(DIRECTIONS) Set down every line of the data, unchanged and complete.

[Collected data entries]
=== Section Start ===
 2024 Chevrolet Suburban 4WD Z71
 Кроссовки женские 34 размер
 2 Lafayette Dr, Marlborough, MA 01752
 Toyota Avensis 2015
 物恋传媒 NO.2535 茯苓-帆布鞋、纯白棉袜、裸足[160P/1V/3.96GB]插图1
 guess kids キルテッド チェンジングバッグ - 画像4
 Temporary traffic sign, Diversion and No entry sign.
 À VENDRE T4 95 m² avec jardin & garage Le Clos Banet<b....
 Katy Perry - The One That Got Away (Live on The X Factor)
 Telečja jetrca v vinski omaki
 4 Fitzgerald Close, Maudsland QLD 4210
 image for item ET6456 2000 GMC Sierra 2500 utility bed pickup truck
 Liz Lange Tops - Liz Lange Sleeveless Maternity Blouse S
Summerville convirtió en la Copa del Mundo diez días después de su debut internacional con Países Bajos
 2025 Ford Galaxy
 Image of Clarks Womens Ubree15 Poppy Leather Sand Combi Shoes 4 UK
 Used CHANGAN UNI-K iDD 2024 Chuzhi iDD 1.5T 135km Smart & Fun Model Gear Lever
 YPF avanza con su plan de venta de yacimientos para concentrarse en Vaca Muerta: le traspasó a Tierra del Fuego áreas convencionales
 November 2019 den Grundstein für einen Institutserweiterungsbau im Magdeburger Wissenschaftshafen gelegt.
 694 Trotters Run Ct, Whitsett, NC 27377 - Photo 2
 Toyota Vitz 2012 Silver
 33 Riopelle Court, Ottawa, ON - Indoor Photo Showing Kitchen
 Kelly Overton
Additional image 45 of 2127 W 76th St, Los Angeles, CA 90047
=== Section End ===
(EXERCISE OUTPUT)
 2024 Chevrolet Suburban 4WD Z71
 Кроссовки женские 34 размер
 2 Lafayette Dr, Marlborough, MA 01752
 Toyota Avensis 2015
 物恋传媒 NO.2535 茯苓-帆布鞋、纯白棉袜、裸足[160P/1V/3.96GB]插图1
 guess kids キルテッド チェンジングバッグ - 画像4
 Temporary traffic sign, Diversion and No entry sign.
 À VENDRE T4 95 m² avec jardin & garage Le Clos Banet<b....
 Katy Perry - The One That Got Away (Live on The X Factor)
 Telečja jetrca v vinski omaki
 4 Fitzgerald Close, Maudsland QLD 4210
 image for item ET6456 2000 GMC Sierra 2500 utility bed pickup truck
 Liz Lange Tops - Liz Lange Sleeveless Maternity Blouse S
Summerville convirtió en la Copa del Mundo diez días después de su debut internacional con Países Bajos
 2025 Ford Galaxy
 Image of Clarks Womens Ubree15 Poppy Leather Sand Combi Shoes 4 UK
 Used CHANGAN UNI-K iDD 2024 Chuzhi iDD 1.5T 135km Smart & Fun Model Gear Lever
 YPF avanza con su plan de venta de yacimientos para concentrarse en Vaca Muerta: le traspasó a Tierra del Fuego áreas convencionales
 November 2019 den Grundstein für einen Institutserweiterungsbau im Magdeburger Wissenschaftshafen gelegt.
 694 Trotters Run Ct, Whitsett, NC 27377 - Photo 2
 Toyota Vitz 2012 Silver
 33 Riopelle Court, Ottawa, ON - Indoor Photo Showing Kitchen
 Kelly Overton
Additional image 45 of 2127 W 76th St, Los Angeles, CA 90047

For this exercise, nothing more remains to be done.